Cut by the Spurs, Samanic signed a two-way contract with the Knicks. He’s putting up video game numbers in the G League so far and showing more of the promise that got him drafted in the first round. He has a 188 PPA, rates as a positive defender in the G League, and has a 119 ortg on 33.3% usage.

Trevelin Queen, Rio Grande Valley Vipers, 6-6 G/F

Queen was 23 years old heading into the 2020 draft, which may have been part of why he was not selected. If he can develop a consistent jumper, he’s the type of 3&D wing all teams covet, and he does a little bit of everything. Teams can never have too many wings who don’t need the ball to contribute. After a hot start, his three-point shooting has ticked down to 34.4%, though his offensive efficiency is a solid 112 on 29.9% usage. His PPA: 179.

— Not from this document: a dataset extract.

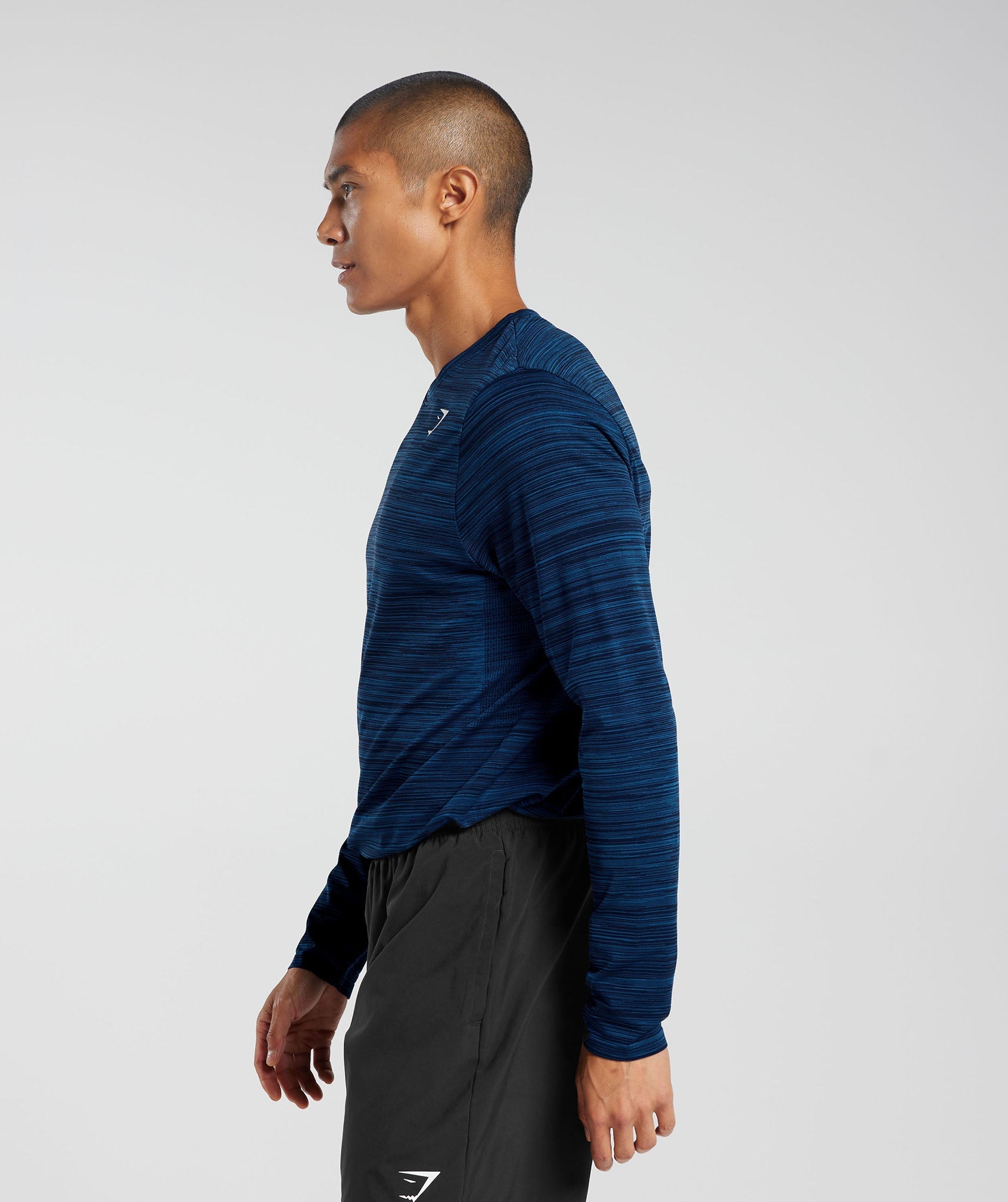 Heather Seamless Long Sleeve T-Shirt in Navy/Core Blue Marl - view 3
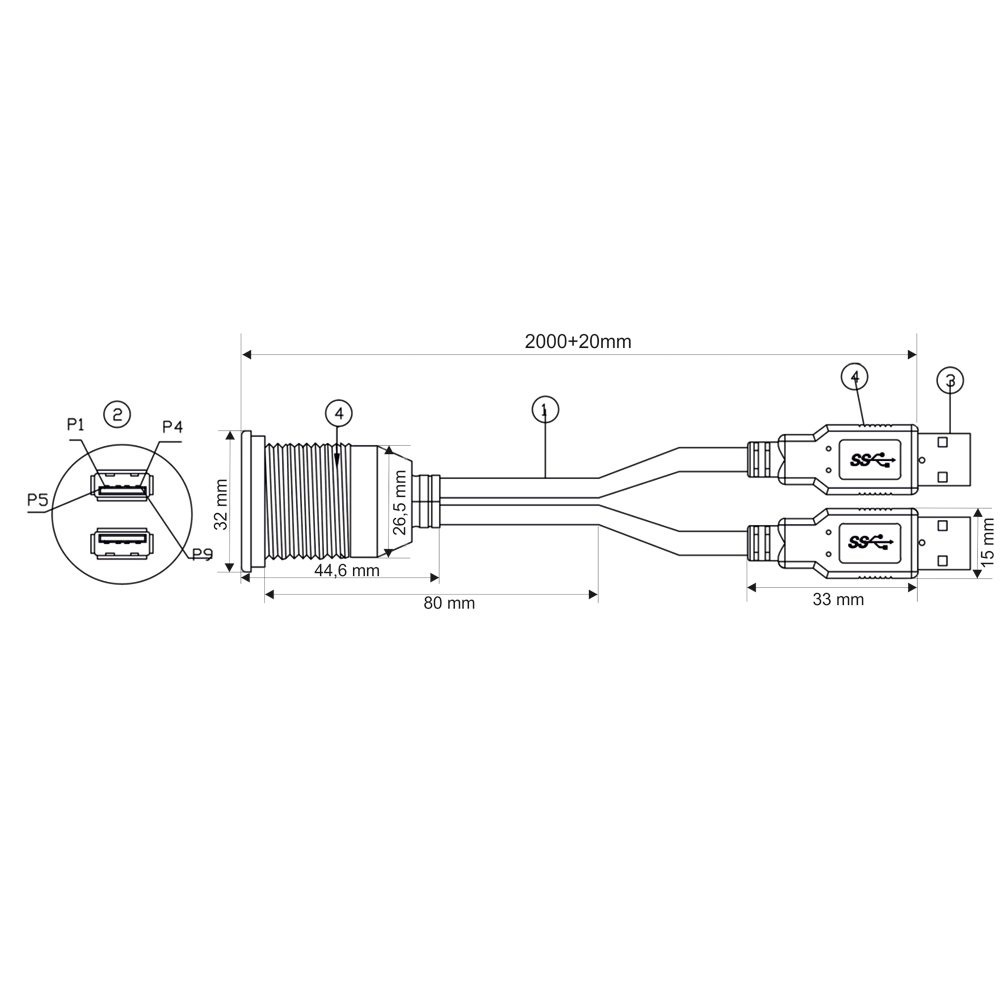 AMPIRE Doppel-USB-A Einbaubuchse mit 200cm Kabel – Bild 7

Austin Spurs v Rio Grande Valley Vipers
Trevelin Queen dunks for the RGV Vipers
Photo by Christian Inoferio/NBAE via Getty Images

Terry Taylor, Fort Wayne Mad Ants, 6-5 F

Taylor was the Ohio Valley Conference version of Charles Barkley. Playing at Austin Peay kept him low-profile among basketball fans, but he was insanely productive, averaging over 20 points and 11 rebounds his last two seasons. Can he be productive against bigger, more athletic NBA players? It’s hard to say until he gets the chance, but he is laying waste to the G League so far. He has a league-best 261 PPA, an efg of 70.5%, and he’s grabbing 19.3 rebounds per 100 possessions — 9.2 from the offensive glass. Scratch Barkley — that’s like Dennis Rodman. More Rodman-like: He defends like a maniac, including steals and blocks. It’s always fun to root for an underdog and he’s a great guy to have in an NBA practice because he will play with energy and effort at all times. Someone needs to give him a shot.

Fun Round

This is the part where we talk about old friends. Like:

  • Isaac Bonga — 201 PPA in 4 games. His offensive rating is a heady 131 on a 23.7% usage rate. He’s shooting 42.9% from three-point range!
  • Jordan Bell — 177 PPA in 6 games. He does some scoring inside, but his G League calling card is rebounding (19.3 per 100 team possessions).
  • Lance Stephenson — Yes, The Lance Stephenson. The guy who’s only good at basketball when he plays for an Indiana team apparently. Unfortunately, he didn’t sign with Fort Wayne, so he’s posting a below-average 81 PPA for Grand Rapids. He has a 101 offensive rating (about 8 points per 100 possessions below average) on 25% usage. He’s producing a whopping 5.1 turnovers per 100 possessions.
  • Admiral Schofield — 76 PPA for the Lakeland Magic. He’s lower usage (17.7%) and slightly above average in offensive efficiency, but he’s shooting 31.6% from three-point range, which makes things challenging for a 3&D guy.
  • Nate Hinton — Former YODA favorite from the University of Houston, he’s managing just a 57 PPA for the Fort Wayne Mad Ants (another team name better than “Wizards). He’s rebounding and defending well (things he also did in college), but has shot just 39.4% on twos so far this season. Maybe what’s needed is a trade — Hinton to Grand Rapids for Stephenson. Who says no?